20,000 leagues and all that

Perhaps I should have kept up to speed with the feeds on my Netvibes page. Had I done so, I would have read Alex Barker yesterday afternoon, and his post Hunt for Red October and the sub-nuclear crash. He posted that

The New York Times raises the intriguing prospect that the submarine crash in the mid-Atlantic was actually the result of a war game.

But then finished with

Sadly, officials tell me this wonderful theory is completely untrue. Improbable as it may seem, the submarines really did just bump into each other.

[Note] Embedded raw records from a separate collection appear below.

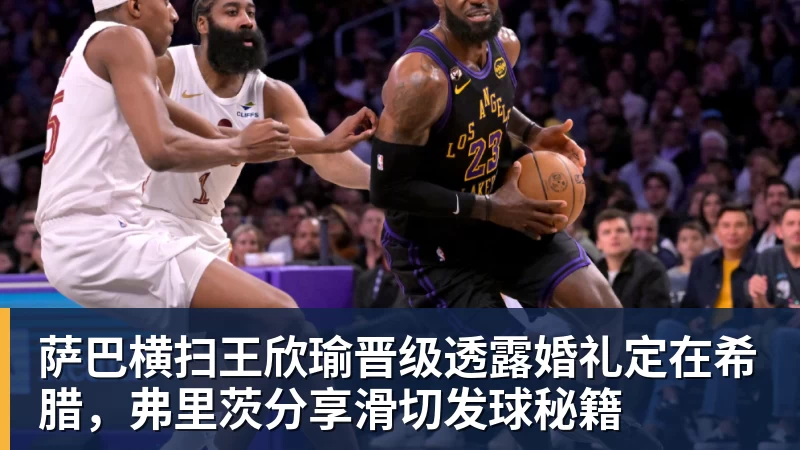 华体会体育萨巴横扫王欣瑜晋级透露婚礼定在希腊，弗里茨分享滑切发球秘籍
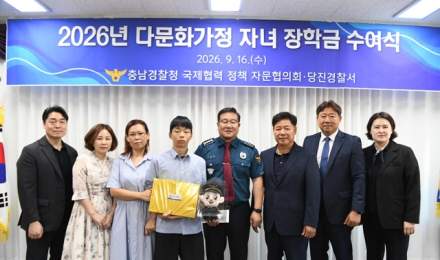 당진경찰서, 다문화가정 자녀의 지역사회 안정적 정착을 위한 장학금 수여식 실시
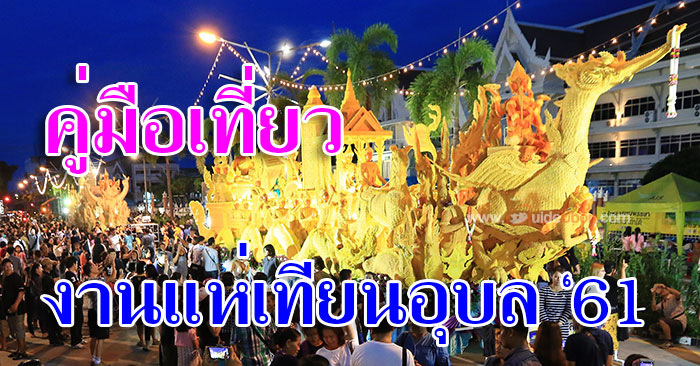 คู่มือเที่ยว-งานแห่เทียน-อุบล-01.jpg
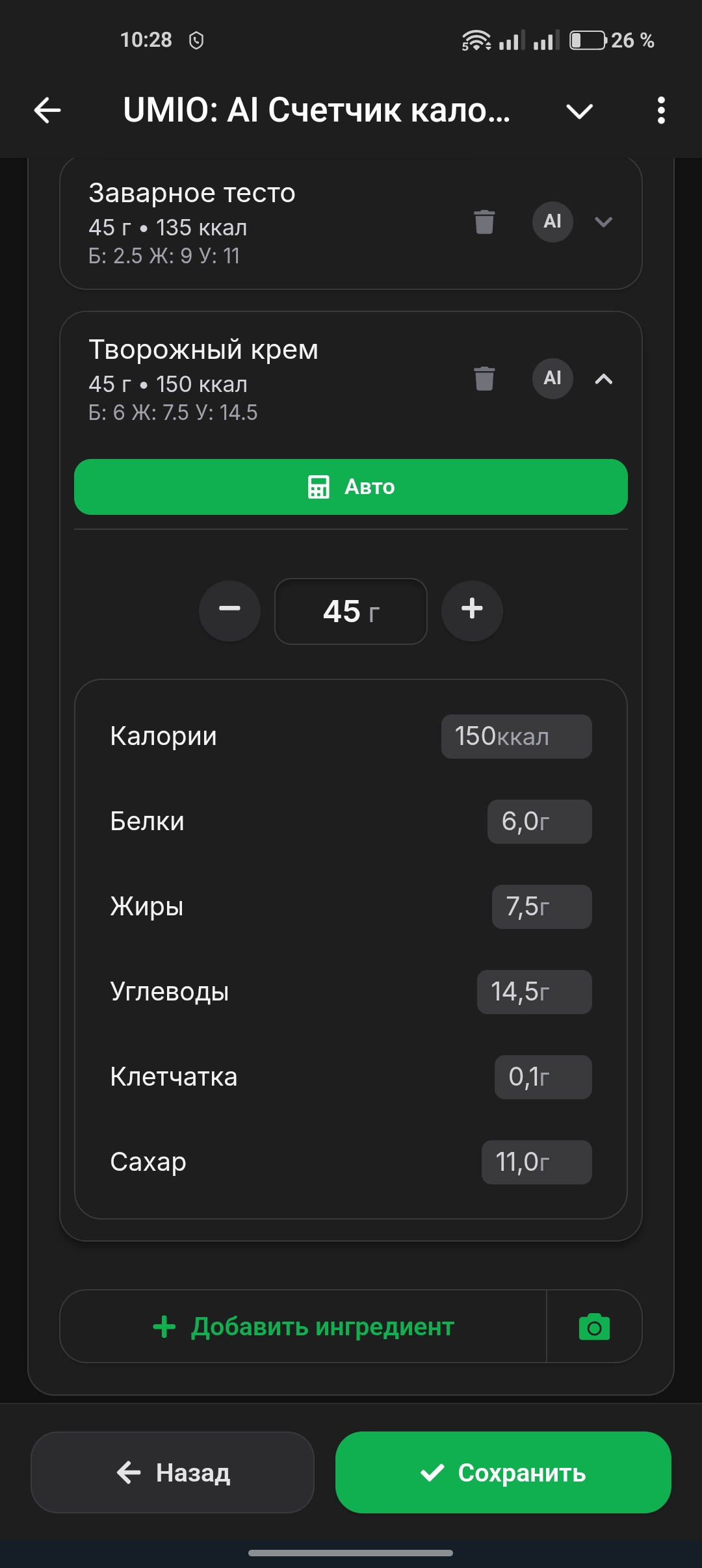 UMIO: AI Счетчик калорий screenshot 2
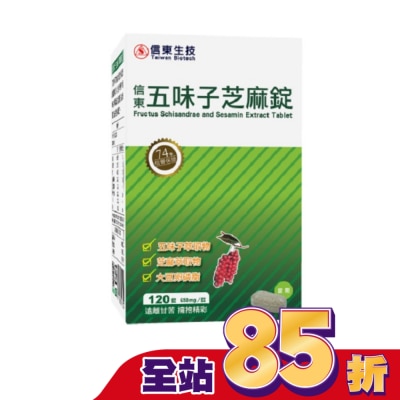 SINTONG信東 - 信東 五味子芝麻錠 120錠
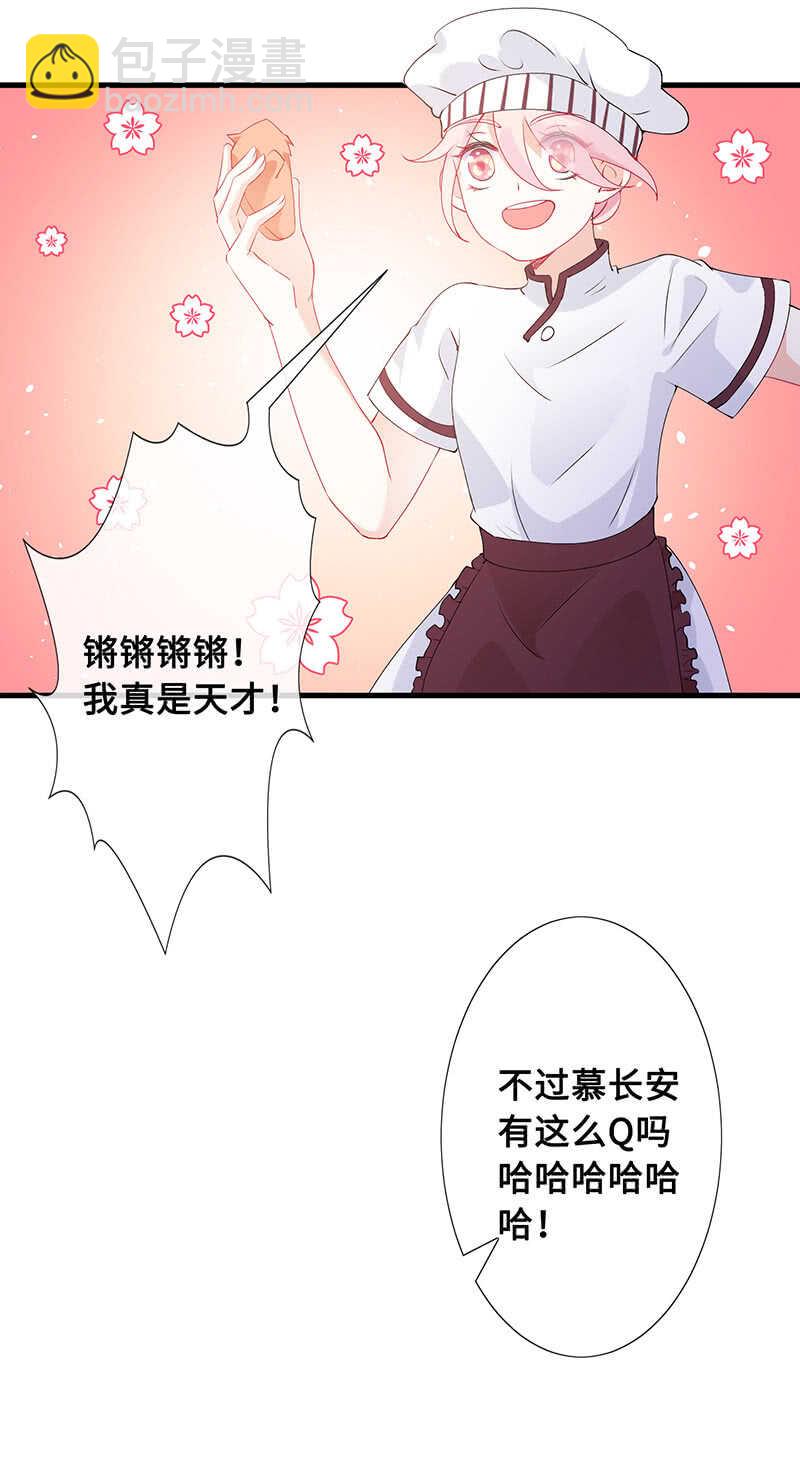 慕长安的后遗症37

I am still not sure I believe that.

Submarine grandmother’s footsteps

Much has been made of the fact that the British and French nuclear submarines that collided in the Atlantic sometime last month were somehow unaware of each other’s presence.  The FT this morning reported that

One defence insider suggested the French were genuinely unaware that Le Triomphant hit a British submarine until a routine information exchange with the Royal Navy.

Isn’t it more likely that one was stalking the other? If Sandy Woodward in The Independent is right that the chances of a collision such as this happening are the same as winning the lottery four times in a week, then it wasn’t chance. Equally, however, actually touching each other probably wasn’t by design either.

I rather doubt that we will ever find out, despite political calls for an explanation.